Reformation? That's a big word for me at this time of day.
Yeah (laughs), sounds kinda religious. But the reunion, we didn't
think about it like that, it was just to play.
And the promoters were asking about a new record and we were like
"No no no"
Yeah we didn't want to talk about it, just play. It wasn't until
after the tour was done we thought, shall we make a record and
yeah let's do it. So we did.
Joe How did you go about writing the album?
In the past we've taken like a couple of months to write songs,
real detail, pick them apart, sometimes over think things, but
on this one we, Billy, Pat, Paul, spent a couple of weeks
I was in San Francisco Bay Area doing this other project and
writing for Mr Big at the same time. Billy, Pat and Paul sent me
a couple of songs which is usually just a couple of songs but
actually was more like 120, 130 songs...
124 pieces of music
It was a LOT and I came up with lyrics in a short period of
time. And there wasn't any real pre-production we just wrote
some songs, and it wasn't like "Let's write a hit, let's write
To Be With You again", it didn't work out that way at all.
We didn't spend a lot of time miscroscoping, that's not even a
word (laughs), detailing the songs, we just got them to the
studio and our pre-production was just sitting on the floor
playing them, someone saying "Check out this demo", let's work
on this, we jammed some of them, for 2 or 3 hours, then we
started cutting. There were no overdubs that we could do.
Kevin Shirley (producer) asked us to play it and "That's OK". He
put the "No" on overdubs, he said "Let's do this one live like
you guys have always talked about. In the past Billy, Pat and
Paul have done their bits and I've come in 2 weeks later and
overdubbed the lead vocals, but this time all four of us got in
the same room, wood flying around, blood splattering, fingers,
you know, pressed up on the glass, it was pure live rock'n'roll.
We really didn't have any time to, rehearse, you know, Kevin said
"You don't know it?" and Pat goes "here's the lyrics".
Yeah, I didn't know this song, I didn't know how it goes and
Pat's singing it to me. And when I thought I got it in my head
we went out there and cut it. We did it maybe 15 or 20 times,
shooting all over the place. That was it, and it all became a
bit of a blur. It was done it was over.
We had it done in no time. The only time before we recorded
like this is when we did the first two albums. Doing it like
this was fresh, it was like the band was new again. So now we
were doing all these things like we did before but with all
these experiences under our belt.
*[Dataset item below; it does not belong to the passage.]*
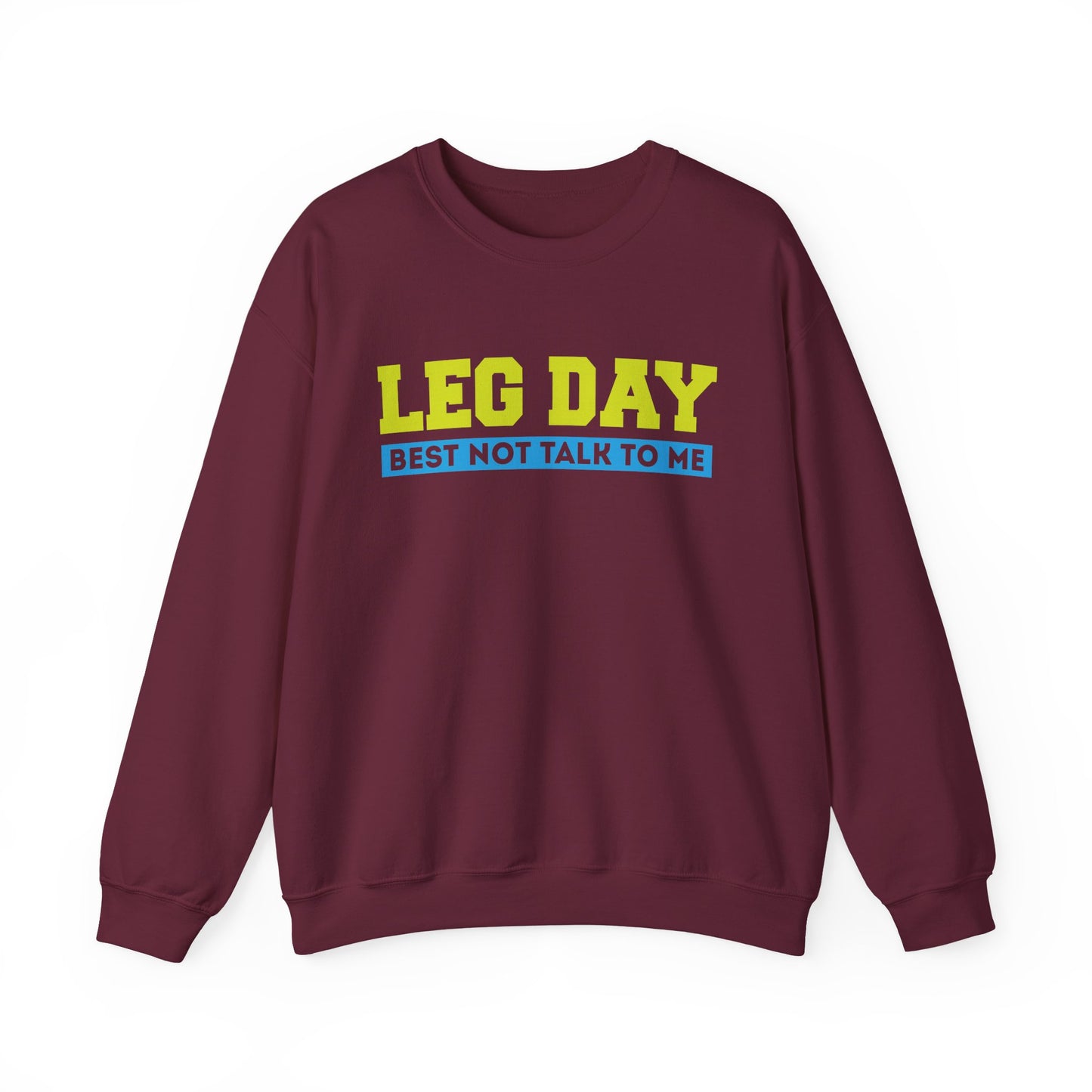 Leg Day Best Not Talk To Me Gym Crewneck Sweatshirt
We'd been apart for so long,
we all had these new things to bring in, we'd all evolved as
players and as people.
Joe How were the shows in Japan?
Spectacular, just spectacular. Lots of tears of joy, a sea
of smiling faces.
The Japanese had been so loyal for so long, I just want to
interject, the fans there had stuck together for longer than we
Joe What was it like playing Estonia?
Oh, it was great.
That WAS great. We'd never been there before. I went down to
the money exchange, got tonnes of Estonian money and couldn't
cash it. It was at the beginning of our European tour, our
Yeah that was a lot of fun.
Yeah the fans were coming up to us telling us we were great.
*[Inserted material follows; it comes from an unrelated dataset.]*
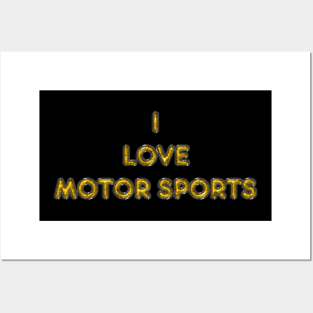 I Love Motor Sports - Yellow Posters and Art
It got a bit out of control, but over there it was really
cool. But we did all this gigs in Indonesia and they don't get
Western bands there. We were driving round in these cars and
they were looking at us like we just landed from the moon. We
never had friends there like we do now.
Joe How did you get to work with producer Kevin Shirley?
We had a few producers in mind, I don't recall exactly who,
but we spoke with one or two on the phone, then when Kevin came
around, I don't know the final reason we went with him but a
factor was that he wanted to work with us. Which is good.
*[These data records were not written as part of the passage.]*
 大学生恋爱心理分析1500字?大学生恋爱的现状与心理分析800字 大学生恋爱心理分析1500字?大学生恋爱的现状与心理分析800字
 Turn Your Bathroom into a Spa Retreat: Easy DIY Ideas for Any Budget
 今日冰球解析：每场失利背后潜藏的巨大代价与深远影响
He grew up in South Africa and didn't get much rock'n'roll,
but when he moved to Australia, he heard us and everybody else.
He was doing Journey at the time, they had wanted to take a
break, and he was knee deep in the Journey experience.
So when they took the break, but he had a plan where he wanted the
band to get in and get out, let's not waste a bunch of time and
money, doing a lot of preproduction, running off to the Bahamas,
he just wanted to get it all lean and mean and get in and get
out and rock'n'roll.
And he had a great time with us and I think just bagged the
Journey project. He had recorded it and they were fishing around
and Kevin was "Right" and stayed with us. It caused a bit of
controversy, and it's ironic with my situation with the Journey
guys, and it was just awesome, he knew we were a great live
He had heard us talk about how much our influences were Free,
Humble Pie, Spooky Tooth, British blues rock'n'roll. We'd hinted
at it on other albums and he wanted to have that feel.
We were all on the same page there, so he threw us into a
room and we cut this record.
To me it's way different from the other records , I mean the
other records are great, and at the time they didn't feel over
produced. But with this one, compared to that, they feel over
produced. Don't get me wrong, I love Lean In To It and one of my
favourite albums is Hey Man, but this record definitely has a
raw rock'n'blues vibe to it. I don't know if you've heard it?
Joe Yeah I had a listen this morning. I love some of the bass
work, very fluid.
Thank you very much. I think I over dubbed about 45 seconds
of bass on the whole album, so what I played was with the guys
Joe A very live vibe, almost like you did with the first Dave
Lee Roth album.
And that's how we did that record too, we played together,
You mean Eat 'Em And Smile you did like that?
Yes. Take 1, lay it down, OK do another one. It's like
George Martin on the Beatles bootlegs, "Take 103 please"
(laughs), but it's what we did.
And with each take had a different feel, and as it progressed, you
could end up doing too many takes and the best one is the first
or second, but others didn't come together until Take 14.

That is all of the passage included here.